**Exercise objective:** Each line from the one containing "Meteoroloji'den 23 ile" to the end of the data must be copied exactly, the first and last included; no other lines and no pictures belong in the copy.

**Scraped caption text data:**

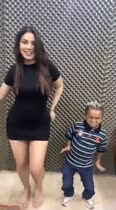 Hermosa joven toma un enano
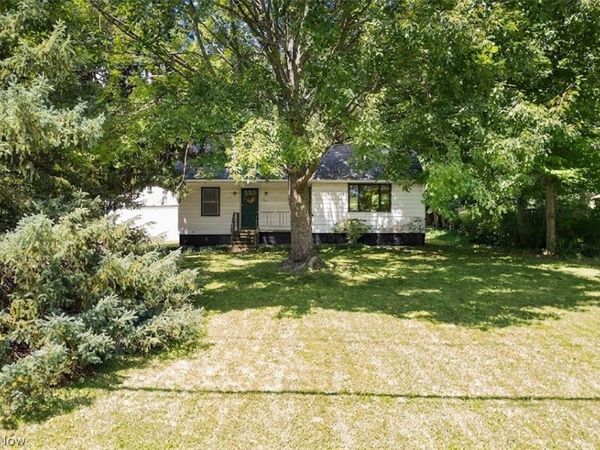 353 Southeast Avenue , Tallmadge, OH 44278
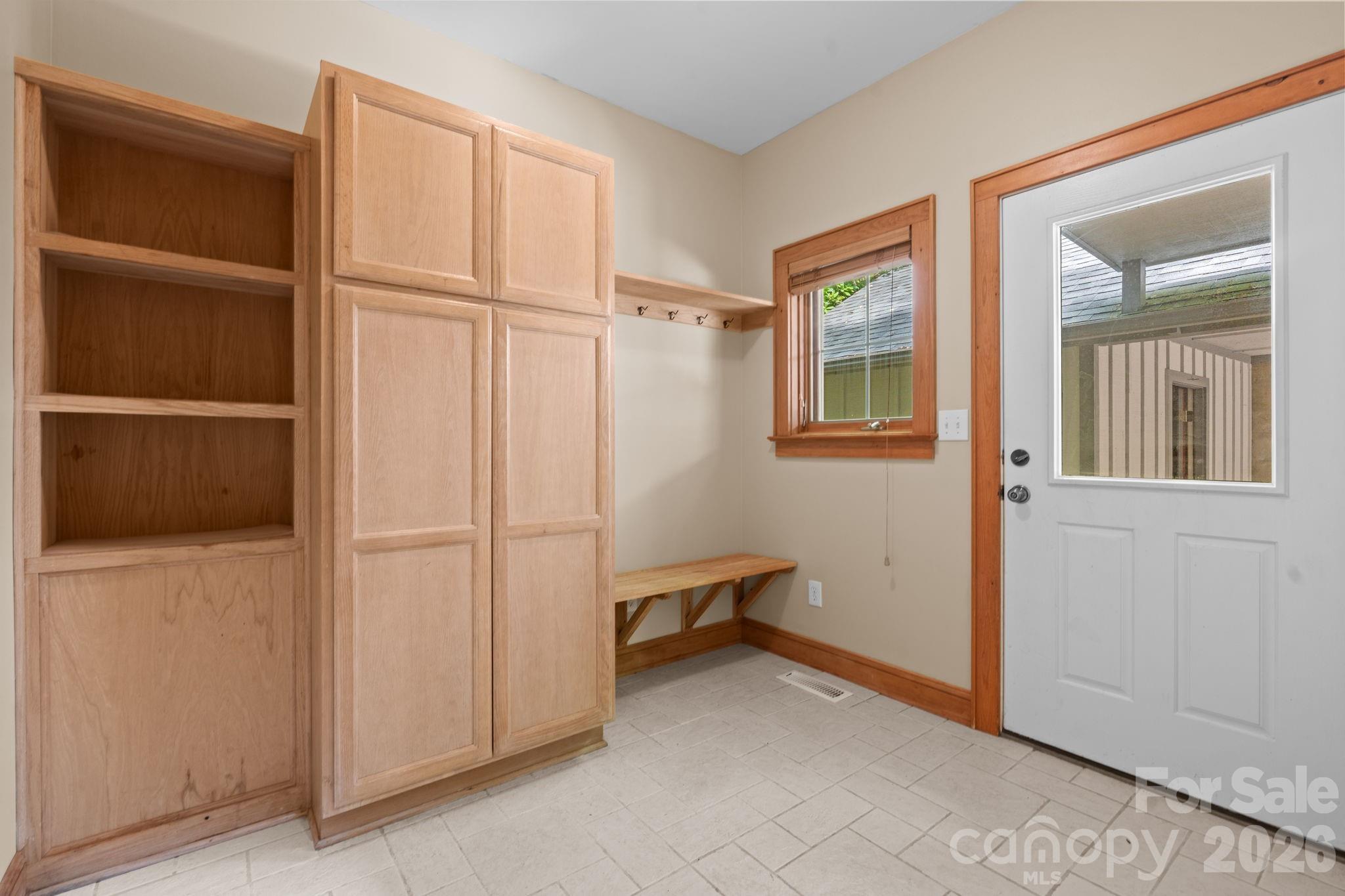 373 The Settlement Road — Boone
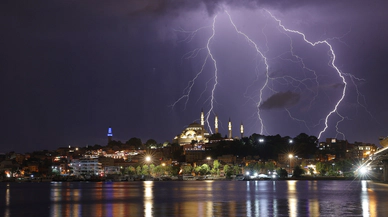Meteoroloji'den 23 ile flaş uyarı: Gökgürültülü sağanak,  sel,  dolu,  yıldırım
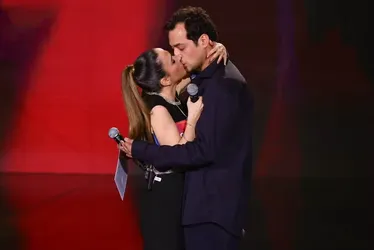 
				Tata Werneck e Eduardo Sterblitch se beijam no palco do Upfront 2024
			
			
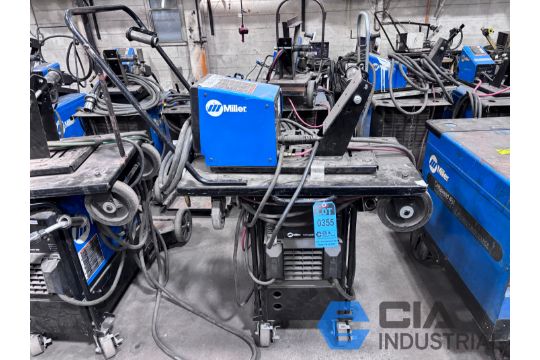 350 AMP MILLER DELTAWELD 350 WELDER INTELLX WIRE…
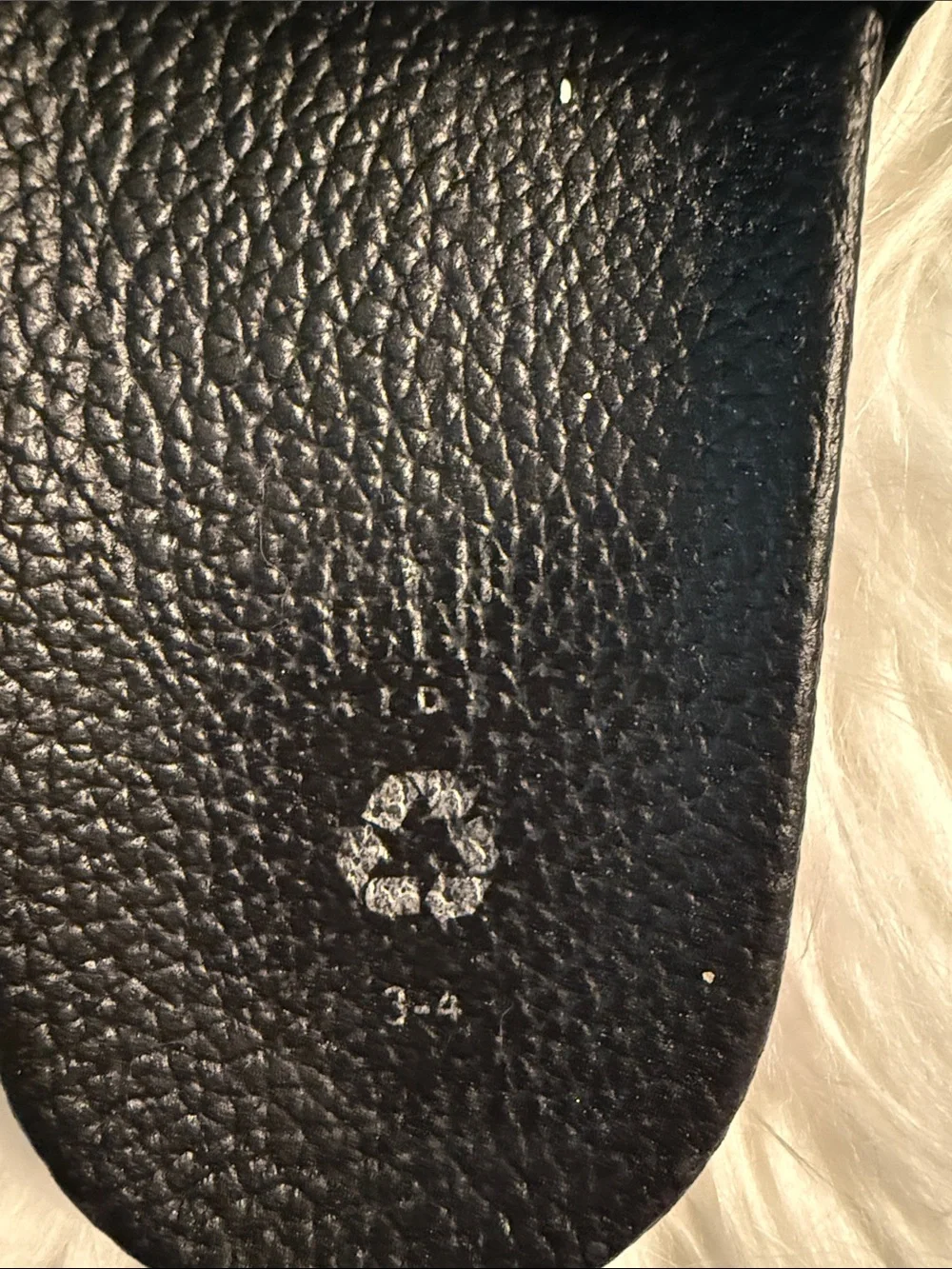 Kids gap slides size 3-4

**Answer area:**
Meteoroloji'den 23 ile flaş uyarı: Gökgürültülü sağanak,  sel,  dolu,  yıldırım
				Tata Werneck e Eduardo Sterblitch se beijam no palco do Upfront 2024
			
			
 350 AMP MILLER DELTAWELD 350 WELDER INTELLX WIRE…
 Kids gap slides size 3-4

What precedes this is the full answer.